Obama will deliver a speech to Americans on Wednesday to lay out his "game plan" to halt the Islamist group that has seized swathes of Syria and Iraq, as he tries to head off public concerns that the country could be moving toward another full-scale war.
Ahead of the speech, Obama will meet on Tuesday with the four leaders of Congress - Senate Majority Leader Harry Reid, Senate Minority Leader Mitch McConnell, Speaker of the House John Boehner and House Minority Leader Nancy Pelosi.
Also on Tuesday, his CIA Director John Brennan, and James Clapper, the U.S. Director of National Intelligence, will brief the Senate Intelligence Committee, the panel's chairwoman, Senator Dianne Feinstein, told reporters.
Administration officials also will hold a briefing for the 100 members of the Senate on Wednesday and for all 435 members of the U.S. House of Representatives on Thursday.
Secretary of Defense Chuck Hagel and General Martin Dempsey, chairman of the Joint Chiefs of Staff, will testify on Sept. 16 at a hearing on U.S. policy toward Iraq and Syria and the threat posed by the Islamic State.

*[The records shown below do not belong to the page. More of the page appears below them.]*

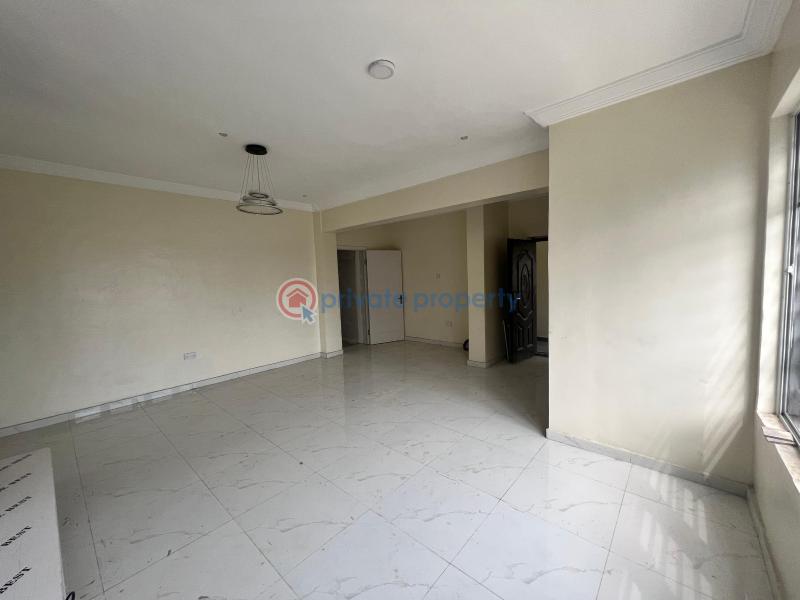 3 bedroom Block Of Flats For Sale Adekunle Yaba Lagos - 10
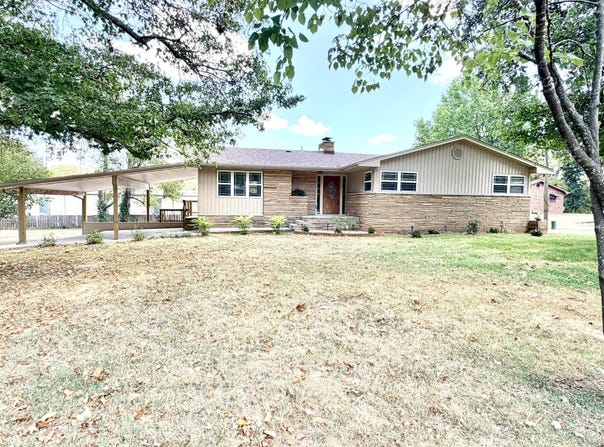 1424 S Jefferson Avenue, Aurora, MO 65605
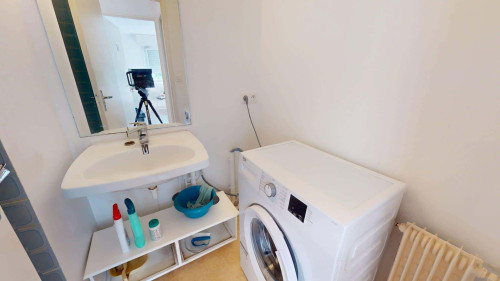 Room in Square du Haut Blosne, Rennes for 90 m² with 4 bedrooms - Gallery - 7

And John Kerry, the U.S. Secretary of State, is due to testify the same day before the House Foreign Affairs Committee.
On Monday, Obama phoned Iraqi Prime Minister Haider al-Abadi to discuss Washington's commitment to help Baghdad's new government fight Islamic State militants, the White House said.
"The president and the prime minister agreed on the importance of having the new government quickly take concrete steps to address the aspirations and legitimate grievances of the Iraqi people," the White House said in a statement.
"The prime minister expressed his commitment to work with all communities in Iraq as well as regional and international partners to strengthen Iraq's capabilities to fight against this common enemy," the White House said.
U.S. Secretary of State John Kerry hailed the formation of a new government in Baghdad as "a major milestone" for Iraq.
"Overcoming the obstacle of ethnic and sectarian divides, the Iraqi parliament approved a new and inclusive government, one that has the potential to unite all of Iraq's diverse communities for a strong Iraq, a united Iraq, and to give those communities the chance to build the future that all Iraqis desire and deserve," Kerry told reporters at the State Department.
He said he would travel to the Middle East on Tuesday "to build the broadest possible coalition of partners around the globe to confront, degrade and ultimately defeat ISIL," an acronym for Islamic State.
Iraq's parliament approved a new government headed by Abadi as prime minister on Monday.
Abadi, a Shi'ite Islamist, included members of Iraq's Shi'ite majority and its Kurdish and Sunni minorities in his Cabinet as he begin the uphill task of unifying the country after this summer's devastating loss of territory across northern Iraq to Islamic State fighters.